(YOUR TASK): Report every line of the data that includes "radiating".
———
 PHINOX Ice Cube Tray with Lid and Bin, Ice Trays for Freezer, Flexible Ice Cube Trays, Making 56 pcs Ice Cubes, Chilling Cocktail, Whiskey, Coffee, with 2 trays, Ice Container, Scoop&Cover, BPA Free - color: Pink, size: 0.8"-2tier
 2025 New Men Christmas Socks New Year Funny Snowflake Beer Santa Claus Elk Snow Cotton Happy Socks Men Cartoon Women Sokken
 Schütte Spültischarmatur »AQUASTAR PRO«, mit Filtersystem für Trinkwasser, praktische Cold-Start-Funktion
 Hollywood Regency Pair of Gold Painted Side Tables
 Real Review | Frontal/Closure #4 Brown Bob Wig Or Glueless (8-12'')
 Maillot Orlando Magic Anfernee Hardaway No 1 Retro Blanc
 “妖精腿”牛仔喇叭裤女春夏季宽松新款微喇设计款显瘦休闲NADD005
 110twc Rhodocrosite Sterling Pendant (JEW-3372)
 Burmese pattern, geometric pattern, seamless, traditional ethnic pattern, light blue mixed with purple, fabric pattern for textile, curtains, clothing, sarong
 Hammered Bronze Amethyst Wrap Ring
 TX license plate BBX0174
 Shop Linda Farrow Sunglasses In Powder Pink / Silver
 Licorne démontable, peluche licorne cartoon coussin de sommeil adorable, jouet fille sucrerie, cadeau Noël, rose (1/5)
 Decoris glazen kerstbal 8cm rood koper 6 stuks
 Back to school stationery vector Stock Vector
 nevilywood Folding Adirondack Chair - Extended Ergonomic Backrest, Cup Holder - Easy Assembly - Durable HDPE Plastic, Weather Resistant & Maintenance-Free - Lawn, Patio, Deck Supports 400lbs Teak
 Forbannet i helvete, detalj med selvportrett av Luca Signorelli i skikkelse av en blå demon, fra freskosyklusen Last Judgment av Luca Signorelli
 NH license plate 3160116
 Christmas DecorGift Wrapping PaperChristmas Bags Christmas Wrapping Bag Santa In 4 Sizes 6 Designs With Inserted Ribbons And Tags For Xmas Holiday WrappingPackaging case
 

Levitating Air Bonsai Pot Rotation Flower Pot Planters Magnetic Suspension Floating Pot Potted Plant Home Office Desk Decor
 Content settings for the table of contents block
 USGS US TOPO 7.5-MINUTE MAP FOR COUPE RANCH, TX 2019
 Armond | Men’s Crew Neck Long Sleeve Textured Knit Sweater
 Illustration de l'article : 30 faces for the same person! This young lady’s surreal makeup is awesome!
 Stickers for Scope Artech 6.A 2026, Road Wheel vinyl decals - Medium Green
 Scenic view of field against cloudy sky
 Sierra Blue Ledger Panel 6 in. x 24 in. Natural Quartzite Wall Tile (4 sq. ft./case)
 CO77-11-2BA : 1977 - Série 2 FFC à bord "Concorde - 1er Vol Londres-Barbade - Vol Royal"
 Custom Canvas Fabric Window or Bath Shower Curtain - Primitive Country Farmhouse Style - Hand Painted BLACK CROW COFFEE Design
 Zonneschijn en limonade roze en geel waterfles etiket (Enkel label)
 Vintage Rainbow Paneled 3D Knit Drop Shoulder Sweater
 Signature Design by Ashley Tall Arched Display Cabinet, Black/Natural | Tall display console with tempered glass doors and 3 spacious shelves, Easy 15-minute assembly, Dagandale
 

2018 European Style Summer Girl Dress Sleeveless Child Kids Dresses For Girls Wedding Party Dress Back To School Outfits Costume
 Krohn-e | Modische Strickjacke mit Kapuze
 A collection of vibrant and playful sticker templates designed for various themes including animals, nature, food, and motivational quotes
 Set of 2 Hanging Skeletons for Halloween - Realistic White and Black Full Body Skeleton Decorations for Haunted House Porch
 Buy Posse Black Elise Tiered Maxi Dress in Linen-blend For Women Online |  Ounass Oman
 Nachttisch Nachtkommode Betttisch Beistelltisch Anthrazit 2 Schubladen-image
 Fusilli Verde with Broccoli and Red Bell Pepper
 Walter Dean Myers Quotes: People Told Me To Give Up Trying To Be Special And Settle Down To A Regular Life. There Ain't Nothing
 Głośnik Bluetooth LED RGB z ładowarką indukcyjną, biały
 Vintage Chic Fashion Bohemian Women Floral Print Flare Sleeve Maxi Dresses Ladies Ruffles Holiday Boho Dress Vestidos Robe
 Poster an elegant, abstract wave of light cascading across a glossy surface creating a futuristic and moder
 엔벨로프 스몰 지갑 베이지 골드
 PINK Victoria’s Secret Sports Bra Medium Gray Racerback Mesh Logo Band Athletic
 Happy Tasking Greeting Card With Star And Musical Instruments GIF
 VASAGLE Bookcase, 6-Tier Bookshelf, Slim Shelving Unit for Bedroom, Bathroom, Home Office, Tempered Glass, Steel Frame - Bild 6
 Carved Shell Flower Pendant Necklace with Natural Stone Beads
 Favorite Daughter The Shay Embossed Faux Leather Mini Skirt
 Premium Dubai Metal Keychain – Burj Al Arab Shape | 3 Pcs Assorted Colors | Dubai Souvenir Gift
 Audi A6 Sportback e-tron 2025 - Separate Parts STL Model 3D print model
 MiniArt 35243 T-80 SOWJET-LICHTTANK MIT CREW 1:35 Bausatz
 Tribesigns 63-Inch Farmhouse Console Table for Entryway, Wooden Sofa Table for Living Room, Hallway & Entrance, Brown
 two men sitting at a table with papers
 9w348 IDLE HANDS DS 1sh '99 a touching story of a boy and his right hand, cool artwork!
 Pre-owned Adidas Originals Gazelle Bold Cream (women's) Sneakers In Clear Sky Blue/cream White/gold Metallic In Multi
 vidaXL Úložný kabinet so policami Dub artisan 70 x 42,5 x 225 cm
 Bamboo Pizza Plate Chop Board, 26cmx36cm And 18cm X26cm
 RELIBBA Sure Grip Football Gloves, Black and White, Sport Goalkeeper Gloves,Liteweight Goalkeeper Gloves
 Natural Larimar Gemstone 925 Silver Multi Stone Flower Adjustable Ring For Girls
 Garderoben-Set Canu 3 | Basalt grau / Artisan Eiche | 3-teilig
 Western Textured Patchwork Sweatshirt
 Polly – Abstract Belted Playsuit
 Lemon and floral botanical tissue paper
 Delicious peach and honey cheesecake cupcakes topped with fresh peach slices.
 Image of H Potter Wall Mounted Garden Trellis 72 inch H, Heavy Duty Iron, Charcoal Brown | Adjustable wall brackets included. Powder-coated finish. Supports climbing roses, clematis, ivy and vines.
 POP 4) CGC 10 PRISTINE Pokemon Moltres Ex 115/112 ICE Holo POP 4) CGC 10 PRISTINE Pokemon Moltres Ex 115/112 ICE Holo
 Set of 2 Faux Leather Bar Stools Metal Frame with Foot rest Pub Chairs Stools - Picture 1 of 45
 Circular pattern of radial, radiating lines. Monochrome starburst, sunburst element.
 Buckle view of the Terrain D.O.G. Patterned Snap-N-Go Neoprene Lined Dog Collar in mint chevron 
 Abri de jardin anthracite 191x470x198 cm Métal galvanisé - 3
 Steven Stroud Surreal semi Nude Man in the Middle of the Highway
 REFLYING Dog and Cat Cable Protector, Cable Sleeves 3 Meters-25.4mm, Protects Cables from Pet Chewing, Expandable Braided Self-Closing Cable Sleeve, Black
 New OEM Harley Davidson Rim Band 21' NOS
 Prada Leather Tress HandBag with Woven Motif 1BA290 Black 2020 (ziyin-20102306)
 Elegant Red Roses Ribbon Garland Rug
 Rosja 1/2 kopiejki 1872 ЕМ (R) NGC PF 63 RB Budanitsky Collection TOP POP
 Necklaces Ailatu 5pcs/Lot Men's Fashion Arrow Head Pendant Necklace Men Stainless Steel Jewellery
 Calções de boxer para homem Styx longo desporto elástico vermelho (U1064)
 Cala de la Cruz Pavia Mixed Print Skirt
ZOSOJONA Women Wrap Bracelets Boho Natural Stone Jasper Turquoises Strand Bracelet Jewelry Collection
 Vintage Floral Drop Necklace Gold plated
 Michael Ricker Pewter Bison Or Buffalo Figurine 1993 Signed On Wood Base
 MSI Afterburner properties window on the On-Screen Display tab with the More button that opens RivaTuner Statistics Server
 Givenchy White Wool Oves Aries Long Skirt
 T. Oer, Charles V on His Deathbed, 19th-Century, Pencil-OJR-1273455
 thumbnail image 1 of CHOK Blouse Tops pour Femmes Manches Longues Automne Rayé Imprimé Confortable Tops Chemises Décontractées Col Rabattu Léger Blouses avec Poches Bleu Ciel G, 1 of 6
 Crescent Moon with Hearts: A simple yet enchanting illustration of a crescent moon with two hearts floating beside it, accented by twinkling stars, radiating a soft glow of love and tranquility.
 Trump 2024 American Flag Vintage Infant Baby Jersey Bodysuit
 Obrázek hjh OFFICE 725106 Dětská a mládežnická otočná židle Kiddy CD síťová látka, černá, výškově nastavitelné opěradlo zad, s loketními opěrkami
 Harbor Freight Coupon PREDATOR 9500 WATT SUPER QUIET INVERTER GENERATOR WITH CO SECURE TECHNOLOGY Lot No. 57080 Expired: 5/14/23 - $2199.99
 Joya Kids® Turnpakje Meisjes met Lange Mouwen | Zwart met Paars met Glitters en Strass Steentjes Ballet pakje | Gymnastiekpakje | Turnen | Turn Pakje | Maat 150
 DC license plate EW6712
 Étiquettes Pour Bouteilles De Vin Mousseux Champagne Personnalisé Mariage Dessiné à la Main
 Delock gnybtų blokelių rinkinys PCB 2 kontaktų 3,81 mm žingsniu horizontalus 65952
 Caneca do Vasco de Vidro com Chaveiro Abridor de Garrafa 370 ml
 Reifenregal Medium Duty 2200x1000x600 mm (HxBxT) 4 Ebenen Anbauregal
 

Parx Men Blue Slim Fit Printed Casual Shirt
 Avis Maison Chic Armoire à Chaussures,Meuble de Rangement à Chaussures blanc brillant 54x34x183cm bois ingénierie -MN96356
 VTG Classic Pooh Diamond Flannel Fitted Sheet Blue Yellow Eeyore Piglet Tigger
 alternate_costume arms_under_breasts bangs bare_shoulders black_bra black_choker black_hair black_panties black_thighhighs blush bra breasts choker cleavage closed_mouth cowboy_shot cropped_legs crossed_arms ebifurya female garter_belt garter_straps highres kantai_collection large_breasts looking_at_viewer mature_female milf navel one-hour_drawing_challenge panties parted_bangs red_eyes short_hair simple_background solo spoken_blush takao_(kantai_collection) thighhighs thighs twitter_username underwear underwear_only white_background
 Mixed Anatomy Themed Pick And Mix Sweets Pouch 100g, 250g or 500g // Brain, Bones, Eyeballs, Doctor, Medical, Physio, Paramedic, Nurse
———
(RESPONSE BELOW):
 Circular pattern of radial, radiating lines. Monochrome starburst, sunburst element.
 Crescent Moon with Hearts: A simple yet enchanting illustration of a crescent moon with two hearts floating beside it, accented by twinkling stars, radiating a soft glow of love and tranquility.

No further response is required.